- _WHAT YOU SHOULD DO_
Find the lines of the records in which the word "Photo" appears and report how many there are, as a number alone.

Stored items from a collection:
>>>>
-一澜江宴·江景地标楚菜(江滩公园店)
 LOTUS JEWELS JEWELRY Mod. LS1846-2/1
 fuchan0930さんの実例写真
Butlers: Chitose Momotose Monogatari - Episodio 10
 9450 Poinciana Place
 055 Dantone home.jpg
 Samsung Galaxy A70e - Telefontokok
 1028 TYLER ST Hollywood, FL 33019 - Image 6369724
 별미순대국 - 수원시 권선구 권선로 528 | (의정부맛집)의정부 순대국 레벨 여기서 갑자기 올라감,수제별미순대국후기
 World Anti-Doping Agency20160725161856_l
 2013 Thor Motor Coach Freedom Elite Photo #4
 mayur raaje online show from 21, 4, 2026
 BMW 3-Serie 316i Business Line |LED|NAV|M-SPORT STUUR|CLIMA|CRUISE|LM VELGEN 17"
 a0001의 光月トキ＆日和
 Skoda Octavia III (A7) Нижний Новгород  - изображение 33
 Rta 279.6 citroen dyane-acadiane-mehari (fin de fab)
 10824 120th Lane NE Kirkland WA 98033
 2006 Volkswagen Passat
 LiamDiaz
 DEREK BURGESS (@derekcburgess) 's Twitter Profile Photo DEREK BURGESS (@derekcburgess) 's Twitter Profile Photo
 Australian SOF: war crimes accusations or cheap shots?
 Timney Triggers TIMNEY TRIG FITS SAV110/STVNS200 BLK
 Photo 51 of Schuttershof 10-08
<<<<
- _ANSWER_
3